Storage node preflight database error: file is not a database

Pac · August 15, 2020, 12:45pm

After a disk unmouting, I’m currently facing a similar issue with 3 of my nodes that have got database files that error with the following message when checking their PRAGMA integrity:

Error: file is not a database

I followed https://support.storj.io/hc/en-us/articles/360029309111-How-to-fix-a-database-disk-image-is-malformed- but it does not solve the problem, as generated “dump_all” files all contain the following:

PRAGMA foreign_keys=OFF;
BEGIN TRANSACTION;
/**** ERROR: (26) file is not a database *****/
ROLLBACK; -- due to errors

And so, the final step which is supposed to fix the file creates an empty file, as faced by @bar1 previously:

In my case we’re not talking about 1 file though, most of them are in this state:

/!\ The following database files are KO:
/home/pi/storj/mounts/disk_3/storj_node_4/revocations.db
/home/pi/storj/mounts/disk_3/storj_node_4/storage/heldamount.db
/home/pi/storj/mounts/disk_3/storj_node_4/storage/notifications.db
/home/pi/storj/mounts/disk_3/storj_node_4/storage/piece_expiration.db
/home/pi/storj/mounts/disk_3/storj_node_4/storage/pieceinfo.db
/home/pi/storj/mounts/disk_3/storj_node_4/storage/piece_spaced_used.db
/home/pi/storj/mounts/disk_3/storj_node_4/storage/pricing.db
/home/pi/storj/mounts/disk_3/storj_node_4/storage/reputation.db
/home/pi/storj/mounts/disk_3/storj_node_4/storage/satellites.db
/home/pi/storj/mounts/disk_3/storj_node_4/storage/storage_usage.db

So, yeah… Am I doomed? ^^’

Pac · August 15, 2020, 1:10pm

What happens if we delete all *.db files? Statistics will surely be lost for the current month, but will the node software recreate them in a clean way, so it can start working again?

SGC · August 15, 2020, 1:42pm

the storagenode can be recovered without the db files, but you should try to avoid it, as it’s not a great solution and have some possible detrimental effects with it…

i really don’t know what the 0kb files mean…
doubtful that its a good thing tho…
are you sure the system actually can access the location where the databases are stored?
it’s not just some sort of shadow or files storj created in the mount point folder because it was empty due to the mount not having connected

can you see the blobs files? and do they actually take up space?
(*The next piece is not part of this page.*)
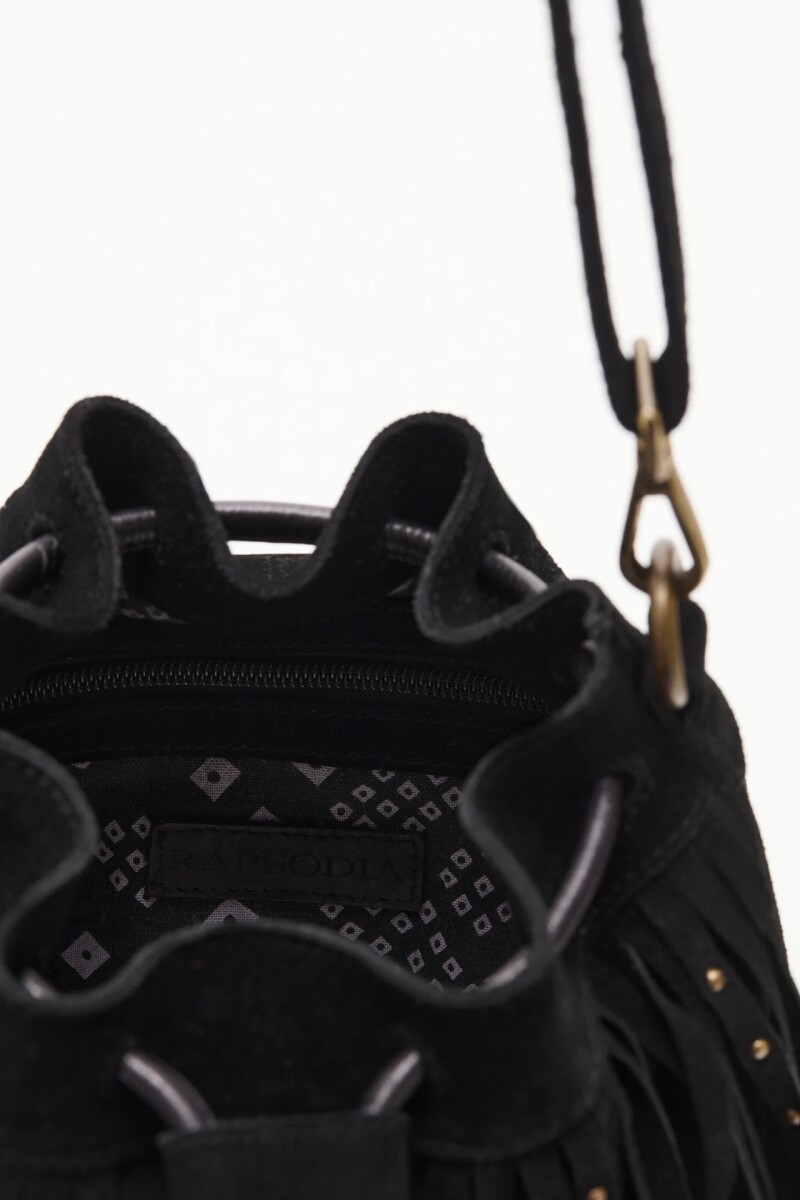 Cartera Tribal Fringes Negro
also when configuring linux or moving disks around the /dev/sdX definition is quite loose … so if you used this to define which disks you are using then it can drift and other disks can take the name / definition instead…

so like /dev/sda is now /dev/sdc

i personally used /dev/disk/by-id/… instead

thats based on the disk serial number and type of disk, and thus will never change even if you move the disk

Pac · August 15, 2020, 1:58pm

Hey @SGC,

The system can access the location of blob files, yes. ls does report them as taking up space.
I see them, and they are in the right directory.
The disk seems correctly mounted, it’s listed in df -H -t ext4 and targets the right folder.

All my disks are statically mounted via fstab, and I do use UUID too, if that’s what you mean.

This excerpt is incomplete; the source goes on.